Politique

Hammams fermés: Ramid propose des aides, la polémique enfle

Le ministre d’État chargé des Droits de l’Homme et de relations avec le Parlement a fait savoir que les employés des hammams traditionnels fermés en raison de la propagation de la Covid-19 seront bientôt indemnisés pour perte d’emploi. Cette décision, qui tombe après plusieurs mois d’inactivité, est jugée insuffisante par les gérants de hammams.

Mustapha Ramid, ministre d’État chargé des Droits de l’Homme et des relations avec le Parlement a annoncé, le 8 février, que les employés des hammams traditionnels fermés en raison de la pandémie percevront bientôt des aides pour perte d’emploi. «Les employés concernés seront donc recensés et indemnisés, vus les dommages subis par ces professionnels à cause de la fermeture de leur lieu de travail», a répondu Mustapha Ramid à une question portant sur la fermeture des hammams traditionnels à la Chambre des représentants. Selon le ministre, les hammams de quinze préfectures et provinces sur les 82 que compte le royaume ont été contraints de cesser leur activité. Leur réouverture demeure tributaire de l’amélioration de la situation épidémiologique et de la décision des comités locaux ad hoc.


Ramid a également indiqué que la fermeture de ces hammams, dans les zones confrontées à un nombre élevé de contaminations par le coronavirus, est due au fait qu’ils sont des espaces propices à la propagation du virus.
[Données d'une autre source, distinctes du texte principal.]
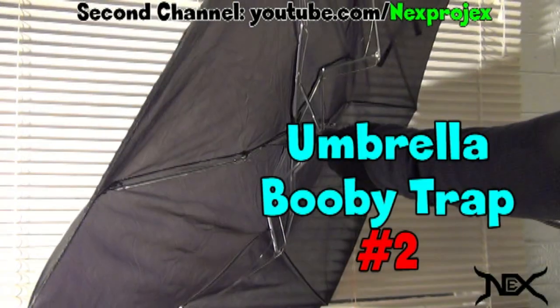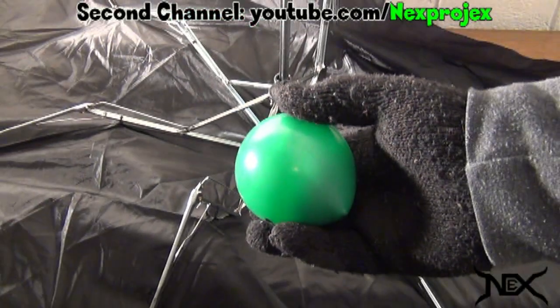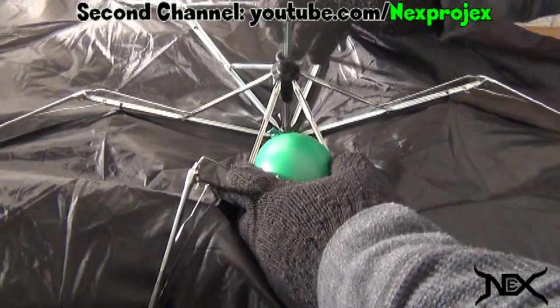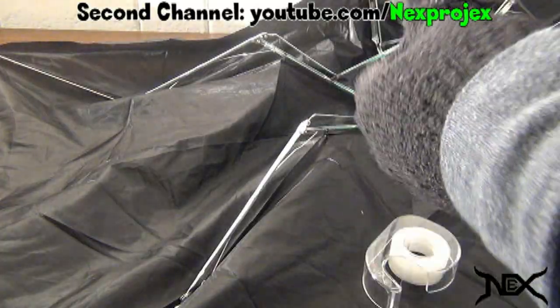Here's another way you can booby trap an umbrella. Basically all you'll need is a water balloon like the one you see here. Put it inside the umbrella, all the way to the very top. Use tape to keep it in place.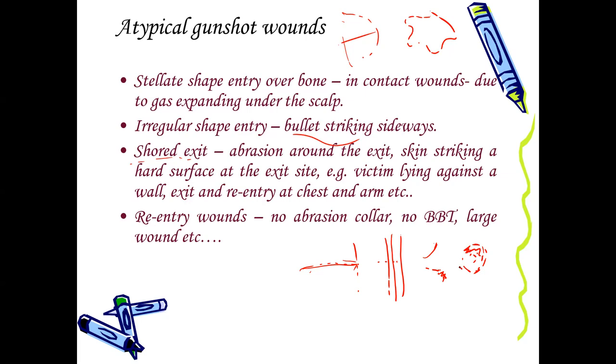Irregular shape injuries can also result from a bullet striking sideways. A shored exit occurs where a person is lying against a hard surface — the bullet comes in and exits; as it exits, the skin is damaged and projects outward, hitting against the hard surface, forcing irregular abrasion around the exit. Seeing a shored exit, some people might confuse it with an entry wound, thinking it is the abrasion collar, but if you carefully analyze it, you can say this is a shored exit, and the person may have been lying against a hard surface at the time of firing. You can also have a re-entry wound — for example, the bullet enters from the side of the arm, exits, and re-enters the chest. All features of entry wounds apply, but since it is a re-entry, you will not see burning, blackening, tattooing, or sometimes even an abrasion collar. These are atypical gunshot wounds, and whenever you see them, you should be careful and consider a lot of things before coming to a conclusion.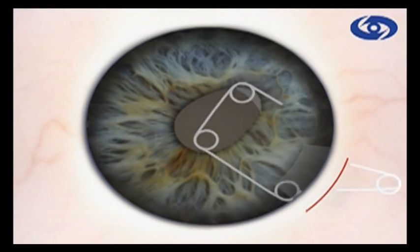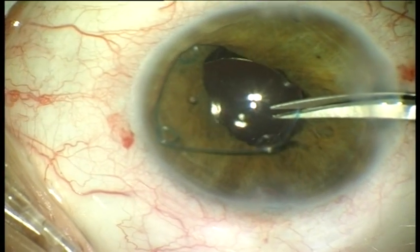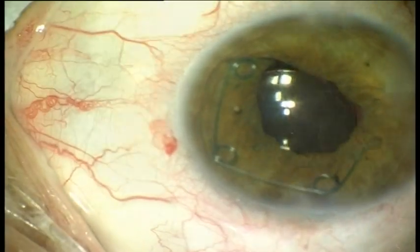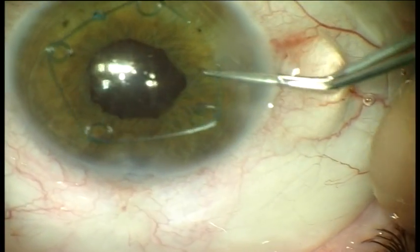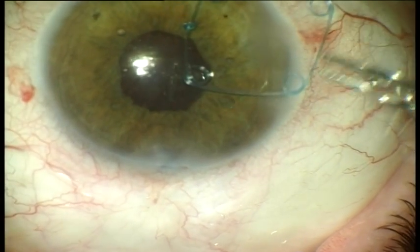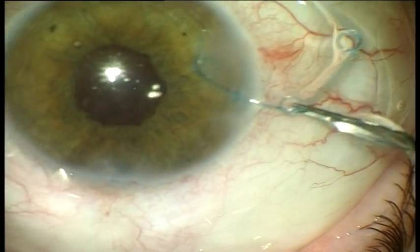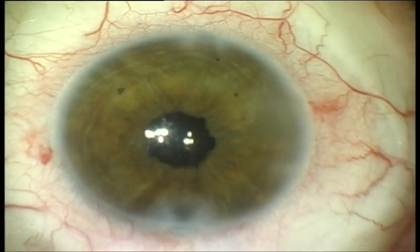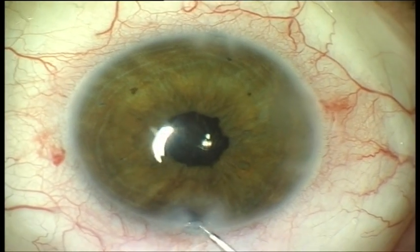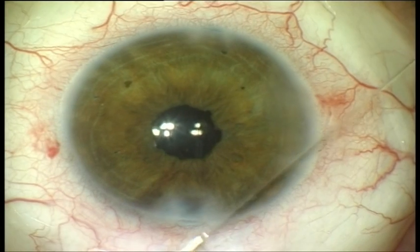At the completion of the procedure, the ring can be removed through the same small incision. After filling the anterior chamber with viscoelastic, we cut the ring with Vannas scissors, then grasp it with forceps and extract it from the eye. As a result, the pupil constricts spontaneously and at the end of the procedure we can see a fine round pupil.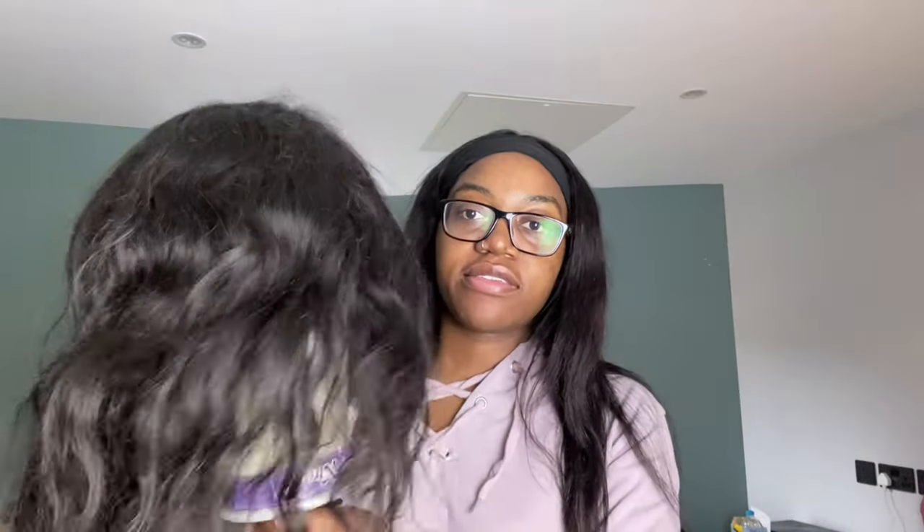I just want to show you guys what I'm wearing and I just couldn't do it. So this is what the wig looks like - it's a mess. I was debating whether I should wash it and then dye it, but that's just gonna take long. I just want to see how this will turn out. I did not come on camera looking like this for this not to turn out well. I did not come to play.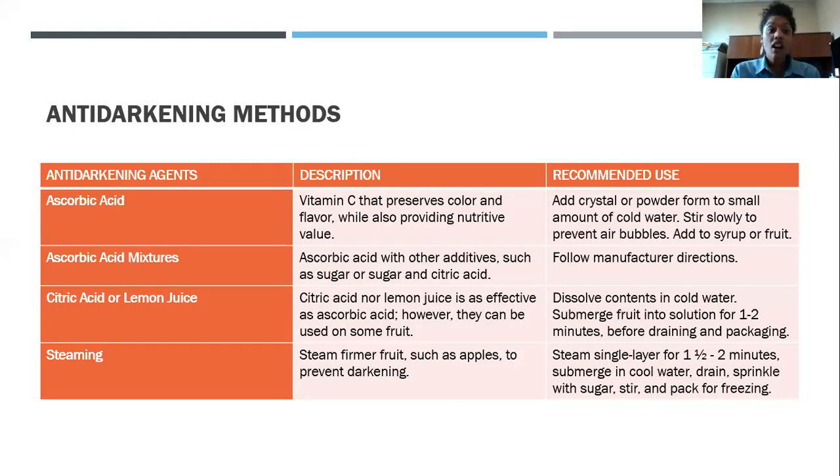Moving on to anti-darkening agents. There are four total: ascorbic acid, ascorbic acid mixtures, citric acid and lemon juice, and steaming. Steaming is a surprising one — who would think to steam fruit prior to freezing? Unless you're used to baking apple pies, that's not really something most families do.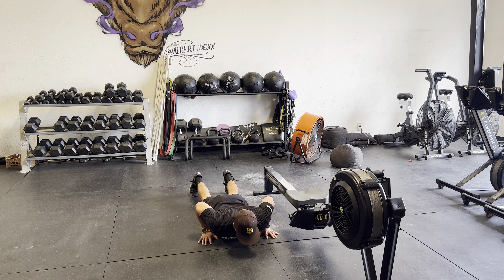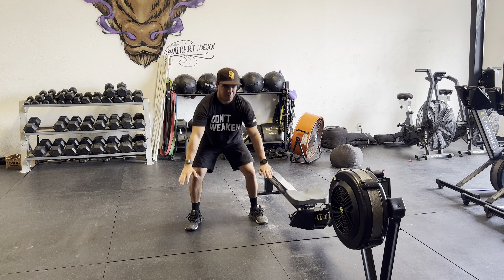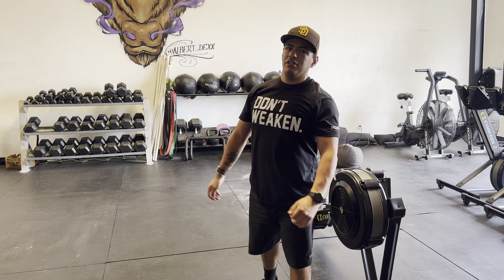What's up ladies? I'll be going over burpees over the rower. For the burpees you don't have to face it — you could do lateral burpees.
Un argument réfuté par plusieurs propriétaires de hammams qui nous ont exprimé leur incompréhension concernant la fermeture des hammams quand d’autres endroits tels que les restaurants et les centres commerciaux restent ouverts au grand public.

Concernant l’indemnité proposée, certains propriétaires de hammams la jugent insuffisante, compte tenu des pertes financières considérables qui ont affecté les employés. C’est notamment l’avis de cette propriétaire d’un hammam à Casablanca qui considère qu’une indemnité ne suffira pas à régler les problèmes des salariés. Pour elle, il faut rouvrir les hammams en mettant en place des mesures sanitaires strictes pour éviter la propagation du virus, notant qu’à ce stade déjà une réouverture demande des moyens colossaux qu’il leur sera difficile d’assurer. Même son de cloche chez cet autre propriétaire de hammam, qui nous confie parler au nom de 15 de ses confrères.

Pour ce dernier, l’entretien des hammams demande beaucoup de moyens financiers et après des mois de fermeture beaucoup d’entre eux, pour ne pas dire tous, ne sont pas sûrs de pouvoir rouvrir dans les meilleures conditions. Concernant l’indemnité qui sera octroyée aux employés des hammams, il estime que ce ne sera pas suffisant dans la mesure où beaucoup d’entre eux ont des crédits, des loyers et des factures à payer et «ce n’est pas une indemnité de 2.000 DH qui va régler leurs problèmes». Il a également déploré le fait que les hammams soient fermés à Casablanca mais ouverts ailleurs : «C’est contradictoire, si on doit fermer les hammams parce que, soi-disant, ce sont des endroits qui favorisent la propagation du virus, ils doivent alors être fermés partout». Tout ceci, sans compter que cette solution jugée «insuffisante» ne concerne que les employés, quid donc des propriétaires, semble-t-il s’interroger.

Rappelons que les hammams avaient été fermés le 20 mars 2020 juste après l’annonce du confinement au Maroc et ont été rouverts en juin de la même année, après le déconfinement avant de fermer à nouveau en août. Depuis, les propriétaires des hammams ne cessent de dénoncer cette décision, allant même jusqu’à adresser une pétition en ligne au gouvernement du Maroc pour montrer leur désapprobation. Le secteur, rappelons-le, compte environ 12.000 hammams et génèrent autant d’opportunités d’emplois directs et indirects.